[dba-Tech] The fastest search

Jim Lawrence accessd at shaw.ca
Sat Feb 8 23:43:21 CST 2014


Hi All:

Here is a basic search and data retrieval engine/database called Elasticsearch.

http://www.elasticsearch.org/webinars/getting-started-with-elasticsearch/?watch=1

(You may have to give your name and email but it is not serious details. The video is a little slow to get started but once the preamble is finished...) I understand that the product runs on both Linux and Windows. 

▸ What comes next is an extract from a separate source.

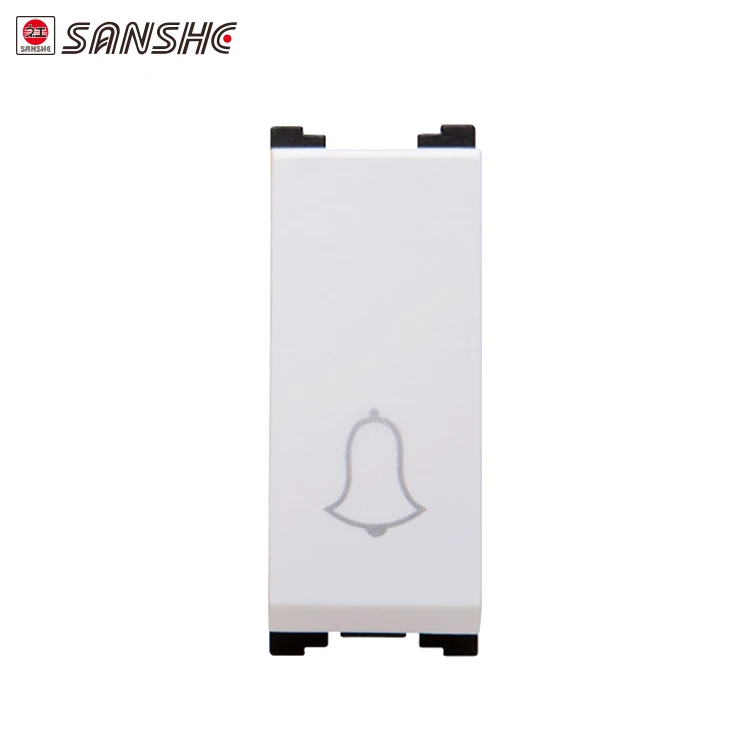SANSHE Switch 16A with light/wall switch/electrical switch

The above will show you a little sample of how the system works and if you need curl; it comes in both Linux and Windows versions: http://curl.haxx.se/dlwiz
  
Its capabilities are rather incredible. Like other NoSQL map reduce it is designed as a data store with no schema; you just write your own in code. Rows are called documents as a row can have 30,000 plus columns and though in theory all the data can be free-form it rarely is. What gives this system its incredible performance is that it indexes its entire data store, whether it is just a single directory, an entire hard drive or with the help of a Hadoop framework, a cluster of drives in the hundreds.

http://www.elasticsearch.org/overview/hadoop 

Hadoop comes along with a host of related products, database managers, programming environments and so on. 
 
Once the product is installed on your computer, the indexing process runs as a service keeping the data stores always current. The indexing process is fast as according to the documentation, given the appropriate hardware, it could index a one TB drive in a little over 90 seconds.

To search the data it uses a JSON type object request and returns the results in JSON format, suitable for further processing and display...like with D3: http://d3js.org

The Elastic Search product is fully OSS but there are a number of related products that are sold as network services. One product specializes in displaying summaries of active system logs in real-time. 

As a database it does not have the structure of a real SQL DB (I would never use an ES type product for invoicing) but it bypasses the limitations of SQL, like changing data structures, multiple joins and multiple indexes...in data summaries operation, it just can not be beat.